We approach this balance through a privacy-first design philosophy. We unify household, individual, device, demographic, behavioural, publisher first-party signals, and contextual data points to build a reliable view of consumers, even when certain signals are missing. This clarity helps marketers personalise, target, activate, and measure with confidence. Our systems evolve with regulations, giving brands confidence that every activation or measurement decision aligns with ethical and legal standards.
Personalisation doesn’t have to mean intrusion. When AI and identity work together responsibly, marketers can recognise audience needs without accessing personal details. They can focus on patterns that indicate intent — like timing, context, or behaviour — rather than targeting individuals in ways that feel invasive.

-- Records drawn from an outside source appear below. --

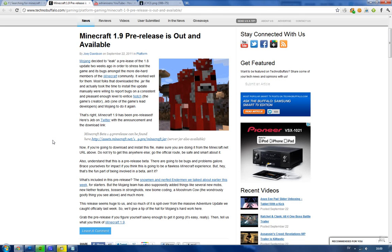But seriously, this is big because after the 1.9 update, it's going to be Minecraft Beta 2.0. And that is sick.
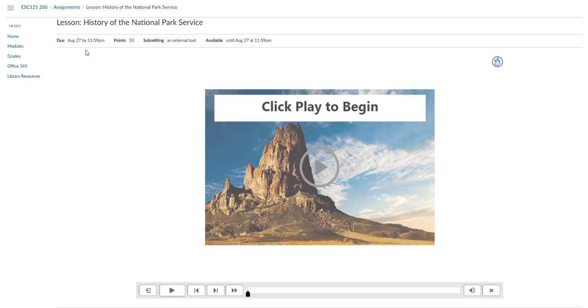There are question slides embedded within the lesson to check your knowledge as you are going through them, so you should take good notes as you go through the lessons. This is the end of the video for lessons in Geology of the National Parks.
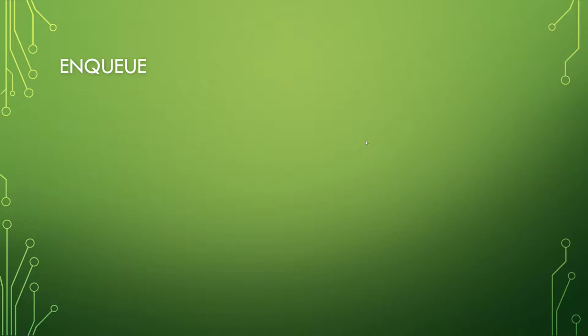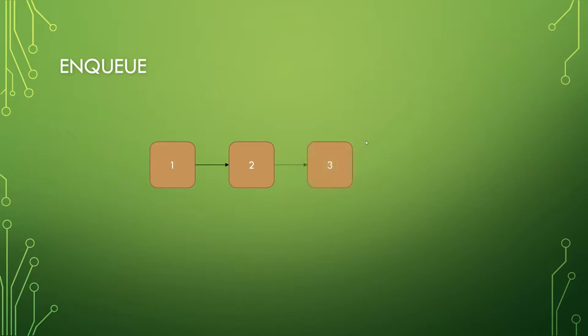The first is enqueue, and if we enqueue a 1, you get a 1 on there. Where it gets a little bit different is if you enqueue a 2, the 2 is behind the 1, the front is still 1. Enqueue a 3, you have a 3 behind the 2, and enqueue a 4, you have a 4 behind the 3.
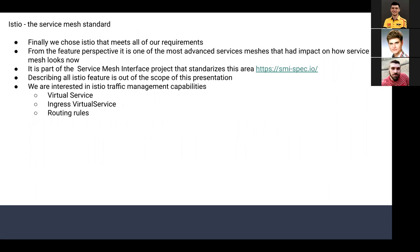After that, we decided to switch to Istio, as it is the most advanced service mesh from a feature perspective. It is a kind of standard and has had a major impact on how service mesh looks today. The good thing is that it's part of the Service Mesh Interface project which standardizes this area, meaning if you know how Istio works, you can likely easily switch to a different solution like Linkerd or others.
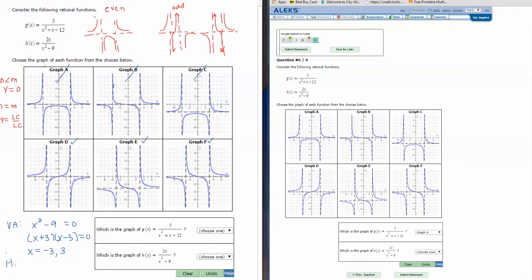Now let's find the horizontal asymptote for 2x over x squared minus 9. The top degree is x to the first power, and the bottom degree is x squared — a 1 over a 2 — so the top degree is less than the bottom degree, giving another y equals 0 asymptote. Graph D has the horizontal asymptote at 0, so it could be D. Graph E has it at negative 3, so that's eliminated. Graph F could also work. So it's either D or F.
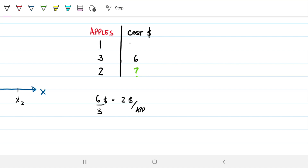Now I tell you that one apple actually costs three dollars. Before, you came up with the function y = 2x, where y is the cost and x is the number of apples — so the cost is two times the number of apples.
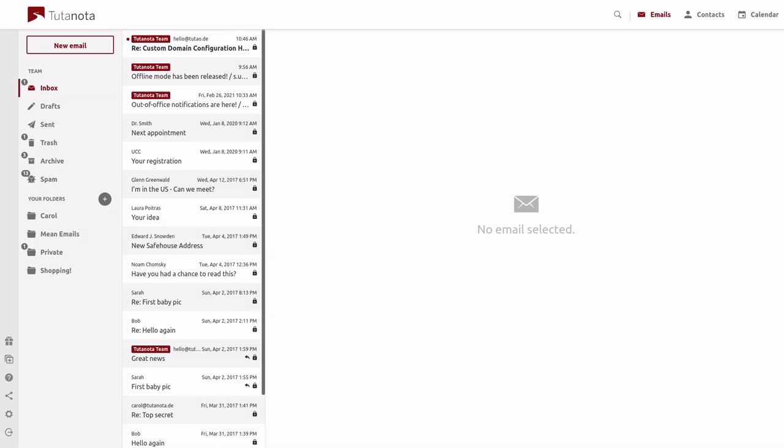Hello everyone, this is Brandon from Tutanota and today I would like to showcase the new beta version of the offline mode recently released with the Tutanota desktop client.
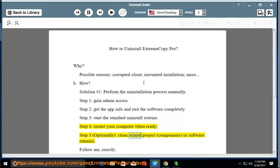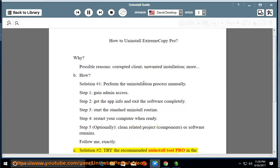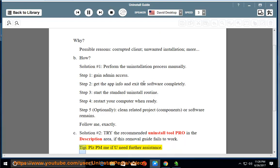Step 5: Optionally clean related project components or software remains. Follow exactly. See Solution number 2: Try the recommended uninstall tool Pro in the description area if this removal guide fails to work.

How are generative and agentic AI changing audience discovery and workflow simplicity?
Generative AI brings creativity into the process: summarising insights, drafting hypotheses, and helping teams visualise where opportunity might exist. Agentic AI takes it further, streamlining repetitive workflows like testing, optimisation, and reporting. By handling these manual, time-intensive tasks autonomously, it frees marketers to focus on higher-value activities, like refining strategy, storytelling, and client engagement.
Together, they shift marketing from reactive optimisation to intelligent, proactive discovery. The result is greater operational efficiency, faster speed to market, and more consistent performance, all with less human lift.

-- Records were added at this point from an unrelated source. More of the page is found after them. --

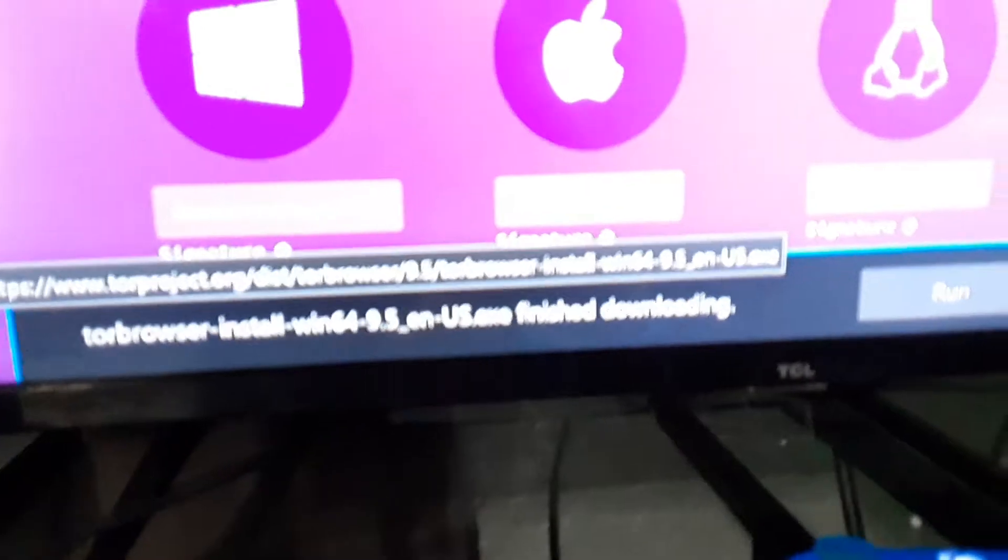And it will say it has been saved, running security scan. The Tor Browser install has finished downloading. So we'll take this out and put it in the computer.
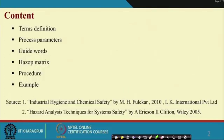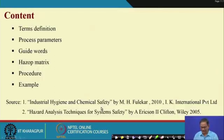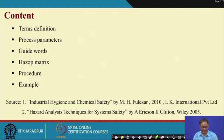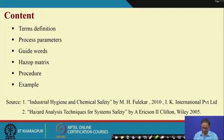The source of this lecture material is two books: one is Industrial Hygiene and Chemical Safety by M. H. Fuleker, 2010, IK International Private Limited; and Hazard Analysis Techniques for System Safety by Clifton A. Ericson, 2005. This is the content of today's presentation.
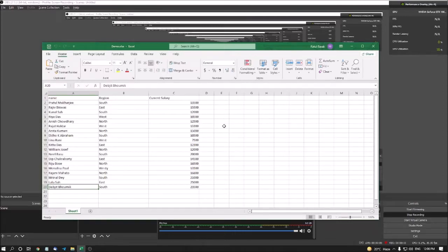Welcome to another episode of Advanced Excel for Visually Impaired by Accessible Computing YouTube channel. Accessible Computing: Access to Technology with Accessibility. This session will be interesting because today we will learn how to sort in MS Excel. Let's start.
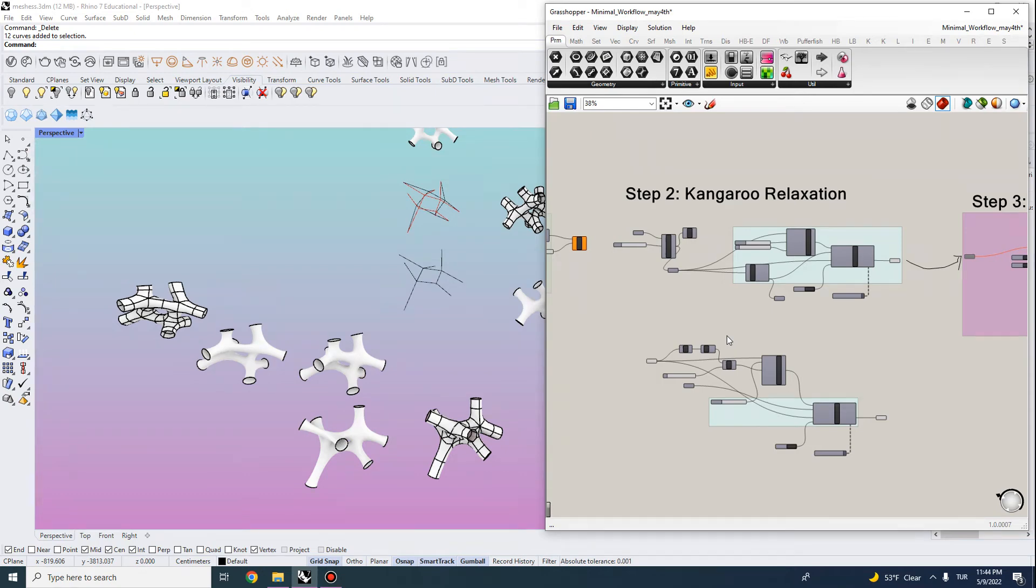Hi everyone, in the second video of minimal surface workflow we'll be looking at kangaroo relaxation techniques.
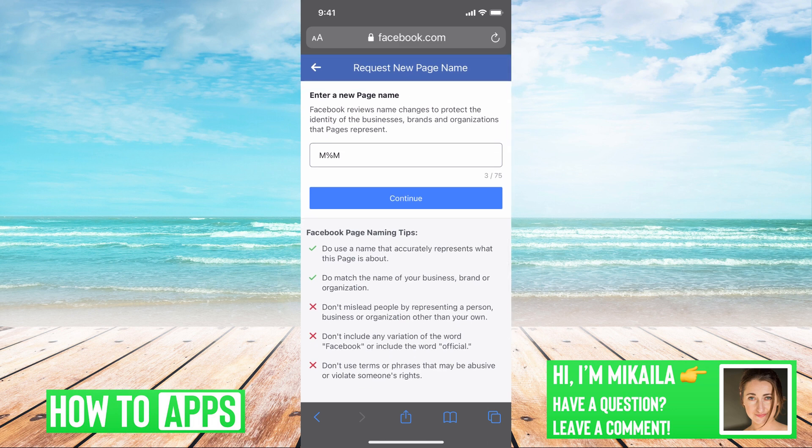Number three: you've changed the page name in the last seven days. Facebook needs at least seven to fourteen days before you can change your page name again. It has to go into review, and there's also a limit to how many times you can change it total — so make sure you're thoughtful about it. Changes must be at least seven days apart each time.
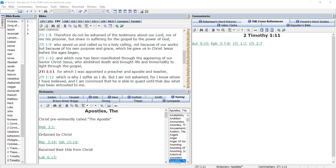A good place to start, if you are working in e-Sword, is by looking at Torrey's topical textbook and Nave's topical Bible. I want to show you how to do each of those.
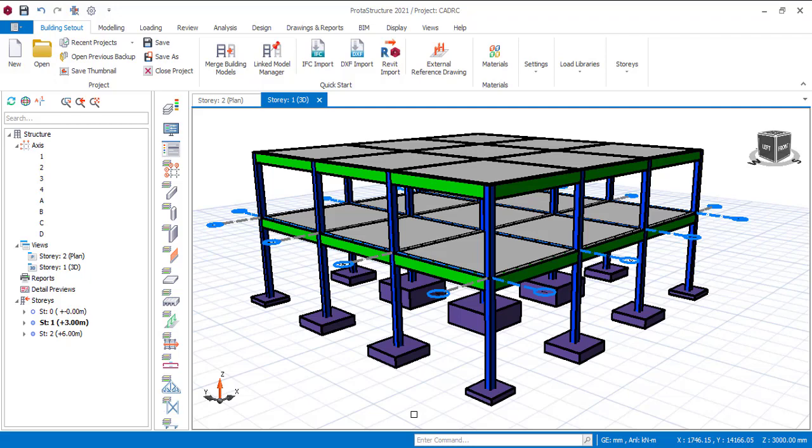Hello everyone, you are welcome to my YouTube channel. I am Ridwan Ebrahim. In this tutorial video, I will proceed to show you how you can load your structural member in Praetal Structure. This video will be a detailed one on how you can load your beam with a partition wall. So let's just begin with it as soon as possible.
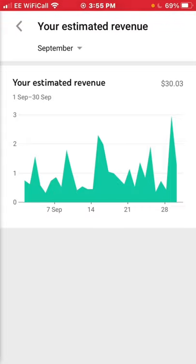As you can see, according to this I got $30 and three cents. You can see the little peaks in revenue where it spikes up more than usual — those are the days I post.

At Experian, we approach AI innovation responsibly by balancing efficiency with transparency, accuracy, and privacy. As a privacy-first business and active member of the ANA, IAB, and NAI, we help lead the industry in protecting consumers and staying ahead of evolving regulations. Our AI development follows the same principles, driving safe, modular experimentation with strong ethical guardrails. With this foundation, generative and agentic AI make marketing not just faster, but more trustworthy, transparent, and human-centered.
What role does real-time intelligence play in optimising marketing outcomes?
Real-time intelligence helps marketers respond to people and context as they actually are — not as they were yesterday. Static models can’t capture that. Live signals, interpreted responsibly, help brands stay aligned with audience intent as it evolves.
At Experian, we view real-time intelligence as the bridge between data and decision-making. It enables AI to interpret live data, device activity, and contextual cues to refine engagement in the moment. Campaigns can adjust timing, creative, or channel mix based on real behaviour — without over-reliance on the past.
This capability moves marketing closer to true relevance. Instead of optimising after the fact, teams can guide performance as it happens. When combined with a strong identity foundation and privacy-first design, real-time intelligence helps ensure that every adjustment is both accurate and ethical — improving outcomes while maintaining trust.
Looking ahead, what does responsible innovation look like for Experian and the broader ecosystem?
Responsible innovation starts with intention. It’s about advancing what’s possible with AI and automation while maintaining clear ethical boundaries. For Experian, that means building technology that improves marketing performance and protects people — ensuring that every new capability strengthens trust, transparency, and accountability.
In practice, that looks like bold but safe experimentation, constant evaluation of bias, and close attention to regulation. As generative and agentic AI mature, we’re focused on frameworks that explain how decisions are made, not just what they produce. That transparency builds both compliance and confidence.
Across the ecosystem, responsible innovation requires collaboration among data providers, publishers, platforms, and policymakers. The goal isn’t speed for its own sake — it’s progress with purpose: systems that respect privacy, enable creativity, and keep marketing intelligent, ethical, and human-centred.